2. Creating a Trust but Never Funding It
You paid an attorney to draft a beautiful revocable living trust. You signed it, put it in a safe, and felt relieved. But your home is still titled in your name. Your bank accounts are still in your name. When you die, all of those assets go through probate anyway.
A trust only works if your assets are actually inside it. Funding a trust — retitling property, updating account registrations — is the step most people skip, and it's the step that matters most.
3. Forgetting Beneficiary Designations
Retirement accounts, life insurance policies, and annuities pass by beneficiary designation, not by your will or trust. If your ex-spouse is still listed as the beneficiary on your 401(k) from ten years ago, that's who receives the money — regardless of what your current will says.

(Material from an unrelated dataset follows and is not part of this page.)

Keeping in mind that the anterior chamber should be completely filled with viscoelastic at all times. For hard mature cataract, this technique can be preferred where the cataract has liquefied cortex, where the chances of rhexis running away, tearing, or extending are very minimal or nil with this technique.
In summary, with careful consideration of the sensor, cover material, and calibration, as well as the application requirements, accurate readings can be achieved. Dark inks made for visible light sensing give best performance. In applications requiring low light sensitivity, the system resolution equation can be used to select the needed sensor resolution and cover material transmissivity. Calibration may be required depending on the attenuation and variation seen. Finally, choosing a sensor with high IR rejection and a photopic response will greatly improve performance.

Review beneficiary designations every time you experience a major life event: marriage, divorce, birth of a child, or death of a named beneficiary.
4. Ignoring Incapacity Planning
Estate planning isn't just about what happens when you die. What happens if you suffer a stroke, develop dementia, or are in a serious accident and can't make decisions for yourself?

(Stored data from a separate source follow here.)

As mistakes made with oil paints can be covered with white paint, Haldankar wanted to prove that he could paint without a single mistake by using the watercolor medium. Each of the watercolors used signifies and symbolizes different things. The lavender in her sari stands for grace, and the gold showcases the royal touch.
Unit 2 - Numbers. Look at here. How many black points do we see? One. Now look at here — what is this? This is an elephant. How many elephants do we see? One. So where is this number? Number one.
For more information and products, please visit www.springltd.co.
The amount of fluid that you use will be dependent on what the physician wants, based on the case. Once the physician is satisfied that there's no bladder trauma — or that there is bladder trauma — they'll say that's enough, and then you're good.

Without a durable power of attorney and a healthcare surrogate designation, your family may have to petition the court for guardianship — a process that can take months, cost thousands in legal fees, and strip you of the ability to choose who makes decisions on your behalf.
5. Never Updating the Plan
An estate plan is not a one-and-done document. Life changes — marriages, divorces, births, deaths, buying or selling property, changes in tax law — and your plan needs to change with it. We recommend reviewing your estate plan every two to three years, or immediately after any major life event.
A will written before your second marriage, before your youngest child was born, or before you bought your current home is almost certainly outdated. Outdated plans create exactly the kind of family conflict and legal expense that good planning is supposed to prevent.
The Bottom Line
Estate planning mistakes rarely show up until it's too late to fix them. The good news is that every one of these errors is preventable with a modest investment of time and professional guidance. If you haven't reviewed your plan recently — or if you don't have one at all — now is the time to start.